GOAL OF THE EXERCISE:
All of the data should be output character for character, except the pictures.

※

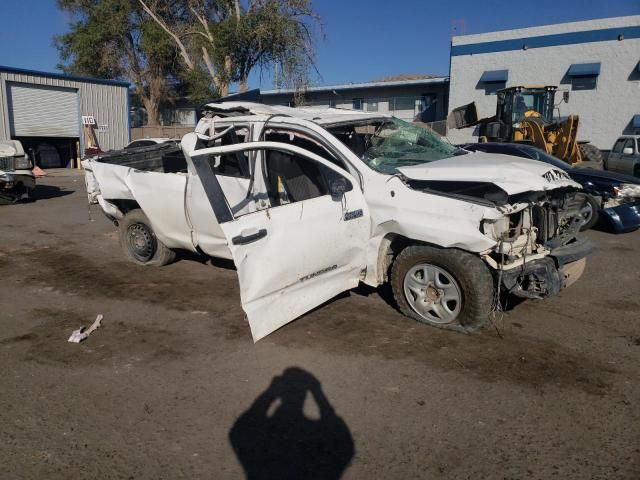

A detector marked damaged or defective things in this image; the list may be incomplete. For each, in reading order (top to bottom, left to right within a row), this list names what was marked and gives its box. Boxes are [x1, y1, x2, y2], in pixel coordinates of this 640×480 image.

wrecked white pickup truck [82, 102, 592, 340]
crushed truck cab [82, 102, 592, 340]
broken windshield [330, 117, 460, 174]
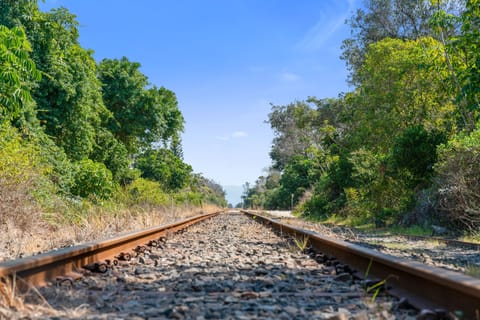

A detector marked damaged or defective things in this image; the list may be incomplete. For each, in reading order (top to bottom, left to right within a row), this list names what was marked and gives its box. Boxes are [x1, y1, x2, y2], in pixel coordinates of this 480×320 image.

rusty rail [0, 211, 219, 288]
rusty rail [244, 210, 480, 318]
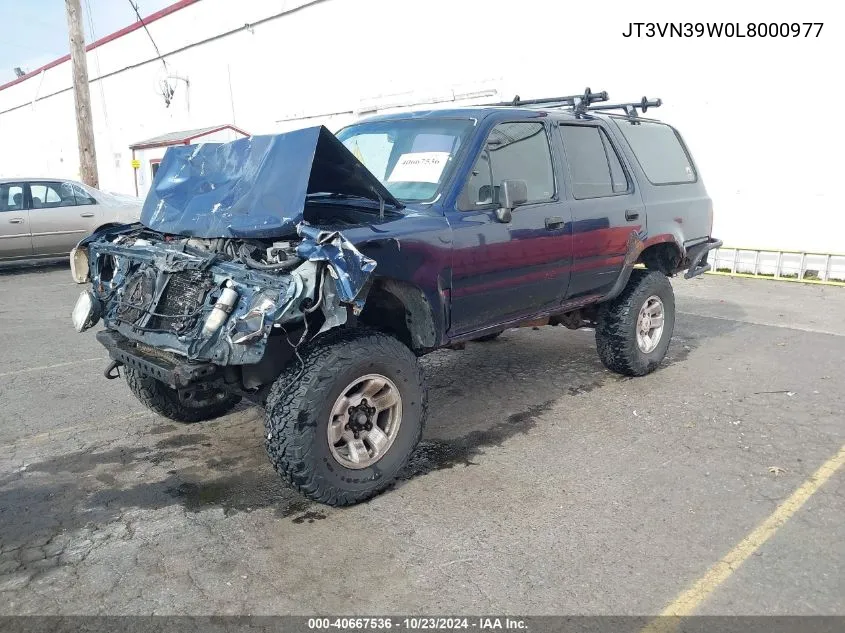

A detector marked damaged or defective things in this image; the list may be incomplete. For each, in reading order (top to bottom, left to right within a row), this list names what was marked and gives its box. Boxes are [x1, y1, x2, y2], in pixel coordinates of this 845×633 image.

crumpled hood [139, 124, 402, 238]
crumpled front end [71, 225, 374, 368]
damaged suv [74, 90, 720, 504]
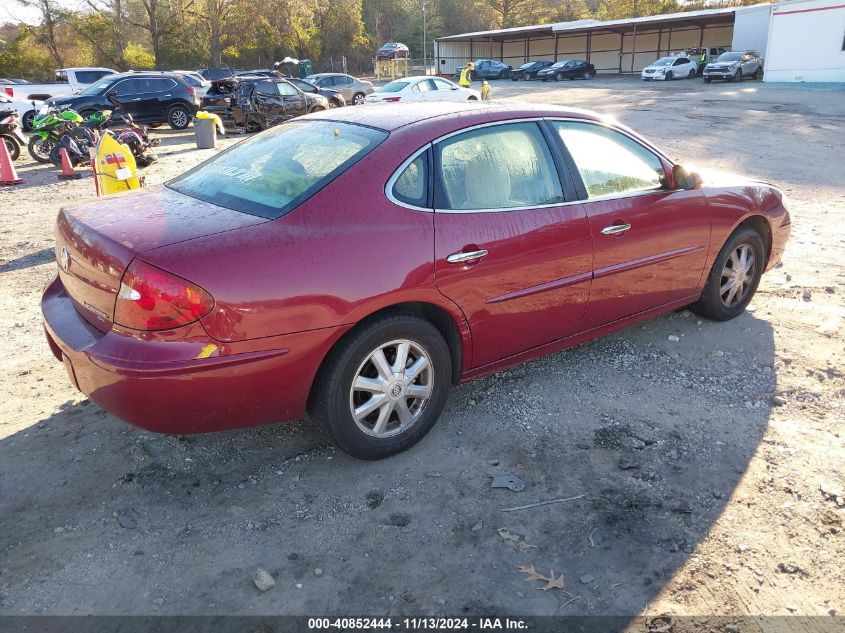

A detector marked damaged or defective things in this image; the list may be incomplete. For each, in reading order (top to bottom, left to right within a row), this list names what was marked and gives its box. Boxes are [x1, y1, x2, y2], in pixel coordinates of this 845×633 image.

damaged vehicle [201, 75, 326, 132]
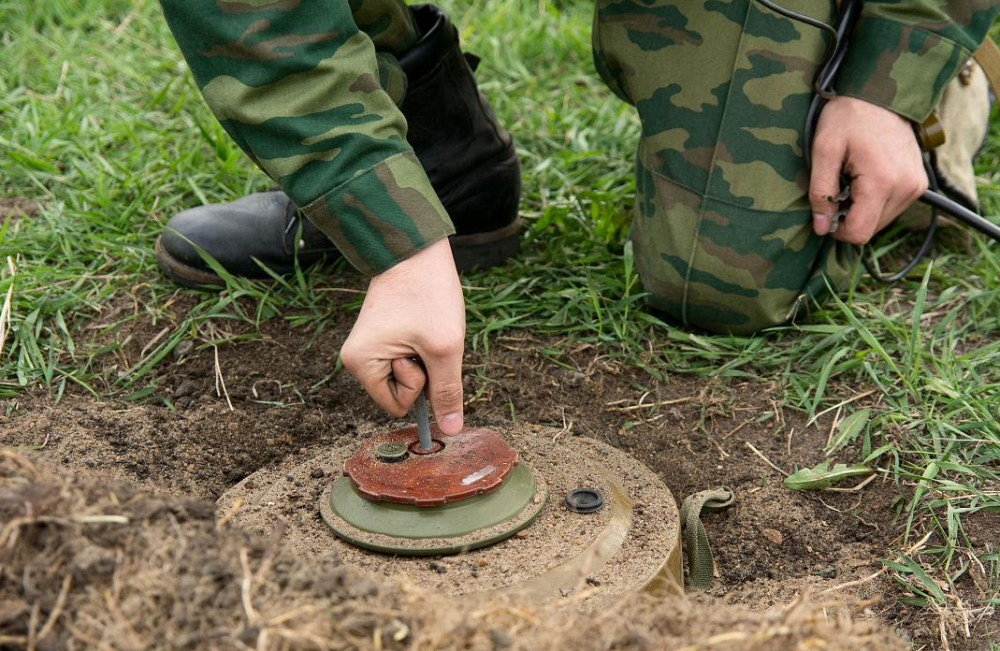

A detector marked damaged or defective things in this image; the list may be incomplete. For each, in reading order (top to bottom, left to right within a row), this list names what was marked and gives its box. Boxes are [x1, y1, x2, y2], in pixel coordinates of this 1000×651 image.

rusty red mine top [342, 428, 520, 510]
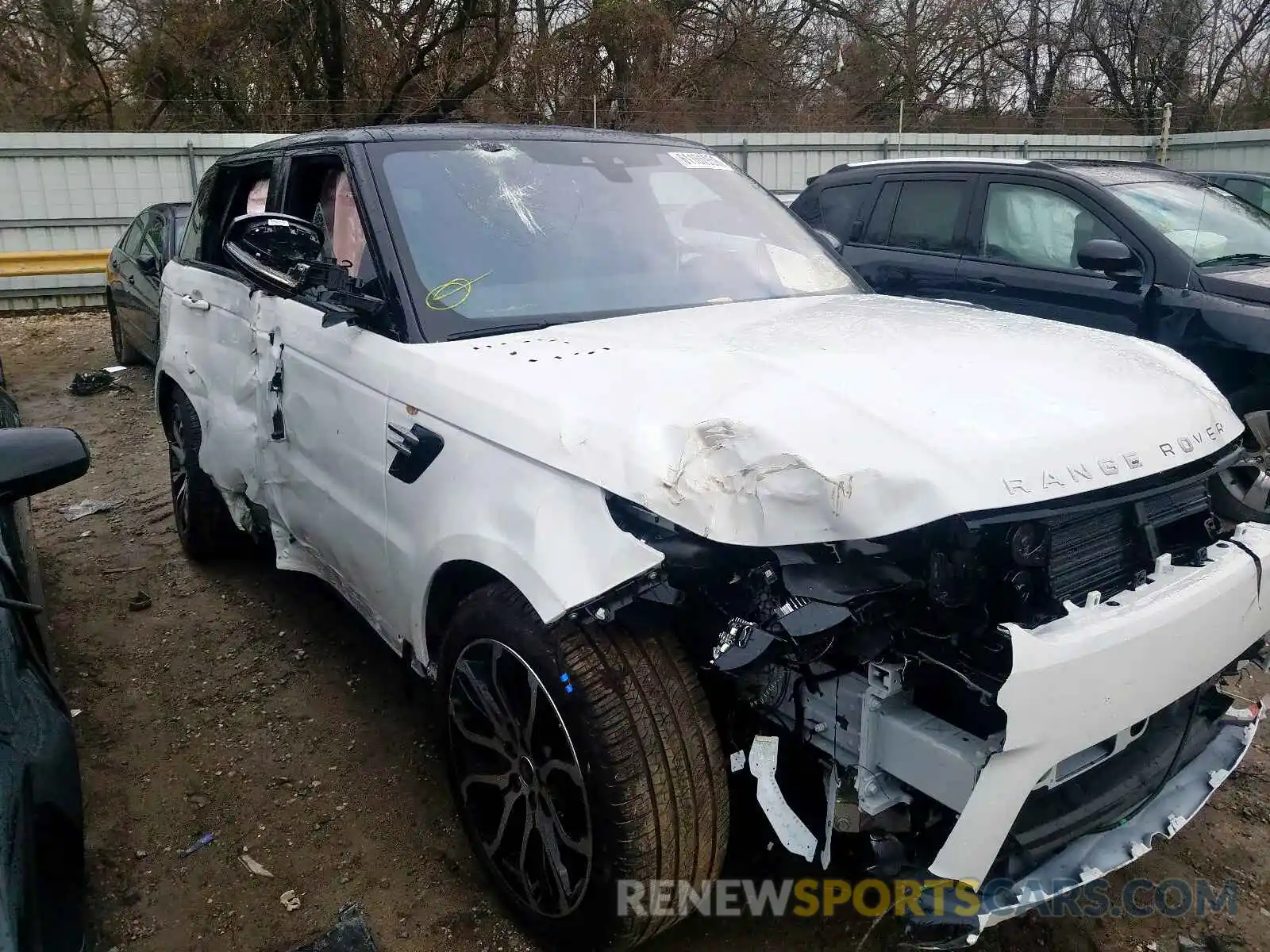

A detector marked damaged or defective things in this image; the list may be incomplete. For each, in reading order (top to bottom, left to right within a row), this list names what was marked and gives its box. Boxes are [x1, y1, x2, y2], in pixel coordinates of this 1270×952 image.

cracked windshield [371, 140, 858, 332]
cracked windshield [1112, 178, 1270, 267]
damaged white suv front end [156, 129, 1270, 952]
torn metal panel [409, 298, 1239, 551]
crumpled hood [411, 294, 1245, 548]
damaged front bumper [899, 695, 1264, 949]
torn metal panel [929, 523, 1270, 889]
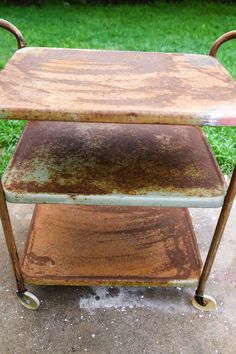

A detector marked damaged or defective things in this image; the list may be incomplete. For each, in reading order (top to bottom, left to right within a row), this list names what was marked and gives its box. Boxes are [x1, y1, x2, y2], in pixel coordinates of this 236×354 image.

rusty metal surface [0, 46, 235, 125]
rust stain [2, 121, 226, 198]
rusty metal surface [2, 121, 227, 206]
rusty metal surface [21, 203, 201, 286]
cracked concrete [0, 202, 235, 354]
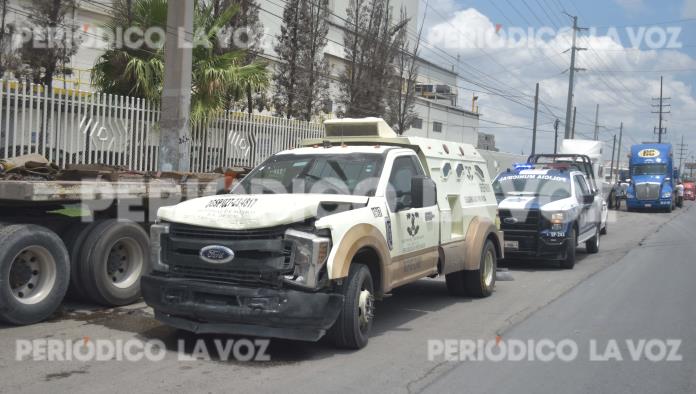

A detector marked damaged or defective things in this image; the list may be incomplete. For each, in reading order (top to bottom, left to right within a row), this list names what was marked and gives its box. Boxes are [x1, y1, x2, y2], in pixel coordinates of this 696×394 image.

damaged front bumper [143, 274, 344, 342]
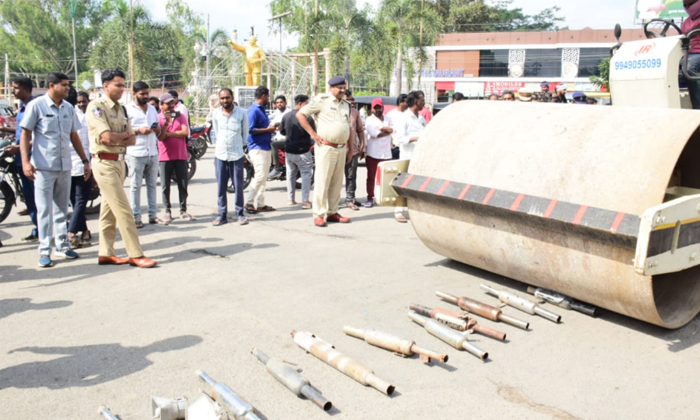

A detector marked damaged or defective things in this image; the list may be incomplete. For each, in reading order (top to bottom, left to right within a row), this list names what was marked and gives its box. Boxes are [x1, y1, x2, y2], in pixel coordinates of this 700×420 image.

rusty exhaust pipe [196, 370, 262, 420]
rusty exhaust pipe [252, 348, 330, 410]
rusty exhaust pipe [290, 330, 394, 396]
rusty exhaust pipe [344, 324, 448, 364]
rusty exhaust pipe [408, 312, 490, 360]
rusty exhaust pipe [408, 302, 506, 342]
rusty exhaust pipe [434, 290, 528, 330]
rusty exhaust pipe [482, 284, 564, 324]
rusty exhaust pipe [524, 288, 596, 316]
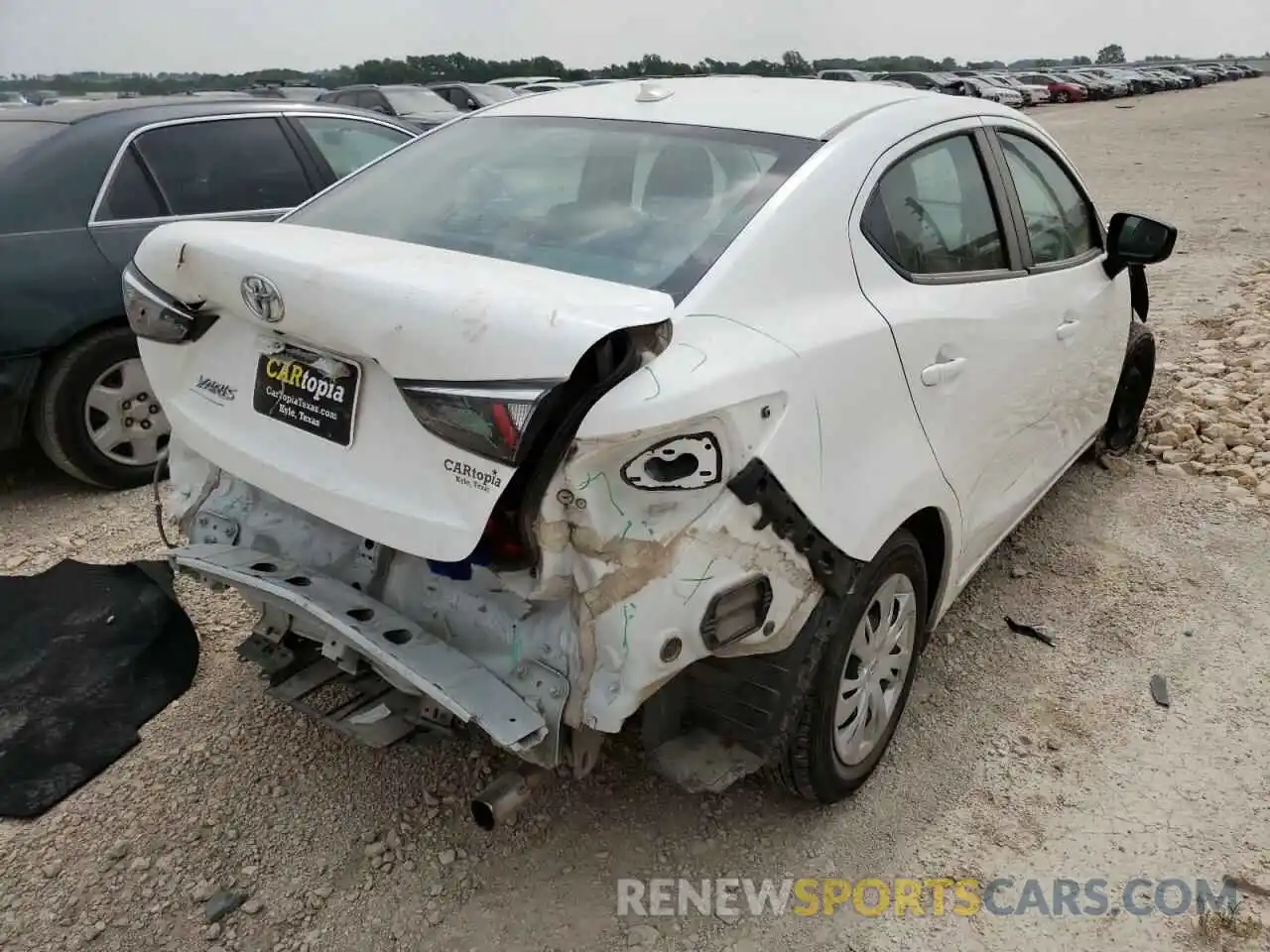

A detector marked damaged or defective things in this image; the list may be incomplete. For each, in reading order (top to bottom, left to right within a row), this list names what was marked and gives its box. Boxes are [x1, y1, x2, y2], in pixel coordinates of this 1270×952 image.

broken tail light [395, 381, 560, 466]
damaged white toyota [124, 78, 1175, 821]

※

TASK OUTPUT:
A detector marked damaged or defective things in this image; the list may be incomplete. For each, in reading order (top to bottom, left to right within a row), this list names what was marked and gives its box. Boxes are [x1, y1, x2, y2], in pixel coordinates of this 640×480 image.

wrecked white pickup truck [82, 102, 592, 340]
crushed truck cab [82, 102, 592, 340]
broken windshield [330, 117, 460, 174]

A detector marked damaged or defective things in this image; the list may be incomplete. For each, in reading order (top to bottom, left to right within a row), this list names what was marked and gives its box. Boxes are [x1, y1, x2, y2], in pixel coordinates of this 480×320 image.

rusty rail [0, 211, 219, 288]
rusty rail [244, 210, 480, 318]

A detector marked damaged or defective things in this image; the list may be incomplete. For each, in reading order (top to bottom, left to right within a row), this list names what was marked and gives its box. Boxes are [x1, y1, x2, y2], in pixel coordinates of this 845×633 image.

crumpled hood [139, 124, 402, 238]
crumpled front end [71, 225, 374, 368]
damaged suv [74, 90, 720, 504]

A detector marked damaged or defective things in this image; the list may be incomplete. For each, in reading order (top to bottom, left to right within a row), this list names what was marked and gives its box. Boxes are [x1, y1, x2, y2], in pixel coordinates of this 845×633 image.

damaged vehicle [201, 75, 326, 132]

A detector marked damaged or defective things in this image; the list may be incomplete. For each, in reading order (top to bottom, left to right within a row), this list names what was marked and gives its box. Boxes are [x1, y1, x2, y2], in pixel coordinates of this 1000×651 image.

rusty red mine top [342, 428, 520, 510]

A detector marked damaged or defective things in this image; the list may be incomplete. For each, in reading order (top to bottom, left to right within a row), this list names what was marked and gives its box. Boxes are [x1, y1, x2, y2], in pixel coordinates of this 1270×952 image.

cracked windshield [371, 140, 858, 332]
cracked windshield [1112, 178, 1270, 267]
damaged white suv front end [156, 129, 1270, 952]
torn metal panel [409, 298, 1239, 551]
crumpled hood [411, 294, 1245, 548]
damaged front bumper [899, 695, 1264, 949]
torn metal panel [929, 523, 1270, 889]

A detector marked damaged or defective things in this image; the list may be incomplete. For each, in reading order (top to bottom, left to right within a row), this list names what was marked and gives its box. Boxes are [x1, y1, x2, y2], in pixel coordinates of this 236×354 image.

rusty metal surface [0, 46, 235, 125]
rust stain [2, 121, 226, 198]
rusty metal surface [2, 121, 227, 206]
rusty metal surface [21, 203, 201, 286]
cracked concrete [0, 202, 235, 354]

A detector marked damaged or defective things in this image; the list may be incomplete. For each, in reading order (top to bottom, left to right within a row), this list names what was marked and gives its box. Boxes are [x1, y1, x2, y2], in pixel coordinates of this 696×394 image.

damaged front bumper [143, 274, 344, 342]

A detector marked damaged or defective things in this image; the list may be incomplete. For each, in reading order (top to bottom, left to right within a row), this list names what was marked and gives its box. Boxes are [x1, y1, x2, y2], in pixel coordinates of this 700×420 image.

rusty exhaust pipe [196, 370, 262, 420]
rusty exhaust pipe [252, 348, 330, 410]
rusty exhaust pipe [290, 330, 394, 396]
rusty exhaust pipe [344, 324, 448, 364]
rusty exhaust pipe [408, 312, 490, 360]
rusty exhaust pipe [408, 302, 506, 342]
rusty exhaust pipe [434, 290, 528, 330]
rusty exhaust pipe [482, 284, 564, 324]
rusty exhaust pipe [524, 288, 596, 316]

A detector marked damaged or defective things in this image; the list may be incomplete. For each, in reading order (top to bottom, left to right within a row), this list names what was marked and gives its box. Boxes are [x1, y1, x2, y2], in pixel coordinates of this 1270×952 image.

broken tail light [395, 381, 560, 466]
damaged white toyota [124, 78, 1175, 821]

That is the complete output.